··· Data for the task ···

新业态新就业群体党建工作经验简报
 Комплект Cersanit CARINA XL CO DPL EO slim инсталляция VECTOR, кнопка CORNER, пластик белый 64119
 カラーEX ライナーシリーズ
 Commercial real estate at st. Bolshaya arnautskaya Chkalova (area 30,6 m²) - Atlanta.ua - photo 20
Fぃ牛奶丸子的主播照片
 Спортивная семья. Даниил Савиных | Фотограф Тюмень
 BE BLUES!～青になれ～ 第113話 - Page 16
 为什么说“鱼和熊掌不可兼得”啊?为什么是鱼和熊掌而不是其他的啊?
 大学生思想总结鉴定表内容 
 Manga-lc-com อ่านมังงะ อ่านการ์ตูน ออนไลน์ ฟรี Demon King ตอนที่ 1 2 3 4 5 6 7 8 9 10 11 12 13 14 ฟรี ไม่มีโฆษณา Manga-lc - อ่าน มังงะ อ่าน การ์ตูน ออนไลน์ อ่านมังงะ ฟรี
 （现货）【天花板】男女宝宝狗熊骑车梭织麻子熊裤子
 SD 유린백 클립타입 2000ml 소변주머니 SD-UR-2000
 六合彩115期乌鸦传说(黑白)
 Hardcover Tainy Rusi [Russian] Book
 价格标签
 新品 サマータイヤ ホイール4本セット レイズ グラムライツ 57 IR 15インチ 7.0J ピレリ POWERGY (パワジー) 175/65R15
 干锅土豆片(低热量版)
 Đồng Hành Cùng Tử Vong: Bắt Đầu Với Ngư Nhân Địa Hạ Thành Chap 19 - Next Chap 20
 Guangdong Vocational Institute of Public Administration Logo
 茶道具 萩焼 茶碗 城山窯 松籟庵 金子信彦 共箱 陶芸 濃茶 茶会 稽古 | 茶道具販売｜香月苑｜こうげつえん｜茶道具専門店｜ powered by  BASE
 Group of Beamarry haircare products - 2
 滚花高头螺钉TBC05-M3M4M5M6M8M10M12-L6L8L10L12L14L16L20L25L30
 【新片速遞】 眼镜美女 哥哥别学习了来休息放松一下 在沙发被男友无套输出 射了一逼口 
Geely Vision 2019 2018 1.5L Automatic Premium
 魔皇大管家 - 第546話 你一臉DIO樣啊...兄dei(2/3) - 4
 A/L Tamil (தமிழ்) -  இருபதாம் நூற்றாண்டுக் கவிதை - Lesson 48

···

**What this task involves:** The answer must consist of all the entries, copied exactly.

**Answer section:**
新业态新就业群体党建工作经验简报
 Комплект Cersanit CARINA XL CO DPL EO slim инсталляция VECTOR, кнопка CORNER, пластик белый 64119
 カラーEX ライナーシリーズ
 Commercial real estate at st. Bolshaya arnautskaya Chkalova (area 30,6 m²) - Atlanta.ua - photo 20
Fぃ牛奶丸子的主播照片
 Спортивная семья. Даниил Савиных | Фотограф Тюмень
 BE BLUES!～青になれ～ 第113話 - Page 16
 为什么说“鱼和熊掌不可兼得”啊?为什么是鱼和熊掌而不是其他的啊?
 大学生思想总结鉴定表内容 
 Manga-lc-com อ่านมังงะ อ่านการ์ตูน ออนไลน์ ฟรี Demon King ตอนที่ 1 2 3 4 5 6 7 8 9 10 11 12 13 14 ฟรี ไม่มีโฆษณา Manga-lc - อ่าน มังงะ อ่าน การ์ตูน ออนไลน์ อ่านมังงะ ฟรี
 （现货）【天花板】男女宝宝狗熊骑车梭织麻子熊裤子
 SD 유린백 클립타입 2000ml 소변주머니 SD-UR-2000
 六合彩115期乌鸦传说(黑白)
 Hardcover Tainy Rusi [Russian] Book
 价格标签
 新品 サマータイヤ ホイール4本セット レイズ グラムライツ 57 IR 15インチ 7.0J ピレリ POWERGY (パワジー) 175/65R15
 干锅土豆片(低热量版)
 Đồng Hành Cùng Tử Vong: Bắt Đầu Với Ngư Nhân Địa Hạ Thành Chap 19 - Next Chap 20
 Guangdong Vocational Institute of Public Administration Logo
 茶道具 萩焼 茶碗 城山窯 松籟庵 金子信彦 共箱 陶芸 濃茶 茶会 稽古 | 茶道具販売｜香月苑｜こうげつえん｜茶道具専門店｜ powered by  BASE
 Group of Beamarry haircare products - 2
 滚花高头螺钉TBC05-M3M4M5M6M8M10M12-L6L8L10L12L14L16L20L25L30
 【新片速遞】 眼镜美女 哥哥别学习了来休息放松一下 在沙发被男友无套输出 射了一逼口 
Geely Vision 2019 2018 1.5L Automatic Premium
 魔皇大管家 - 第546話 你一臉DIO樣啊...兄dei(2/3) - 4
 A/L Tamil (தமிழ்) -  இருபதாம் நூற்றாண்டுக் கவிதை - Lesson 48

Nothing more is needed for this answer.